What is required » Every entry below should be printed again exactly as it reads.

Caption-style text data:

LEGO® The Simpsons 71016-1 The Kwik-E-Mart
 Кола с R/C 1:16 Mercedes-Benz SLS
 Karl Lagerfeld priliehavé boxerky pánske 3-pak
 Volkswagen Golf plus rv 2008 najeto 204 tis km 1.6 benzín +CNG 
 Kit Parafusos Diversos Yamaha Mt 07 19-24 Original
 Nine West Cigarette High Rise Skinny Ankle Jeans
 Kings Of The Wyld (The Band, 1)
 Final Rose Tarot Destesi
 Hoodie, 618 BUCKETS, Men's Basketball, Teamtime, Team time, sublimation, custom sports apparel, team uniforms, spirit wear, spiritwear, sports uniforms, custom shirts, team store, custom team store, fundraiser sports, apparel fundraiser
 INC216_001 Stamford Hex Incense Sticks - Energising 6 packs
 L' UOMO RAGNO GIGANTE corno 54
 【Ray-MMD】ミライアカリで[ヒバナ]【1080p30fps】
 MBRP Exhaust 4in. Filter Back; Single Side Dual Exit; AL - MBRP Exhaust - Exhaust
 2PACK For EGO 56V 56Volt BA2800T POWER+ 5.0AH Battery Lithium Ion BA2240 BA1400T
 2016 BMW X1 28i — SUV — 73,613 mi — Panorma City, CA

Result of this task »
LEGO® The Simpsons 71016-1 The Kwik-E-Mart
 Кола с R/C 1:16 Mercedes-Benz SLS
 Karl Lagerfeld priliehavé boxerky pánske 3-pak
 Volkswagen Golf plus rv 2008 najeto 204 tis km 1.6 benzín +CNG 
 Kit Parafusos Diversos Yamaha Mt 07 19-24 Original
 Nine West Cigarette High Rise Skinny Ankle Jeans
 Kings Of The Wyld (The Band, 1)
 Final Rose Tarot Destesi
 Hoodie, 618 BUCKETS, Men's Basketball, Teamtime, Team time, sublimation, custom sports apparel, team uniforms, spirit wear, spiritwear, sports uniforms, custom shirts, team store, custom team store, fundraiser sports, apparel fundraiser
 INC216_001 Stamford Hex Incense Sticks - Energising 6 packs
 L' UOMO RAGNO GIGANTE corno 54
 【Ray-MMD】ミライアカリで[ヒバナ]【1080p30fps】
 MBRP Exhaust 4in. Filter Back; Single Side Dual Exit; AL - MBRP Exhaust - Exhaust
 2PACK For EGO 56V 56Volt BA2800T POWER+ 5.0AH Battery Lithium Ion BA2240 BA1400T
 2016 BMW X1 28i — SUV — 73,613 mi — Panorma City, CA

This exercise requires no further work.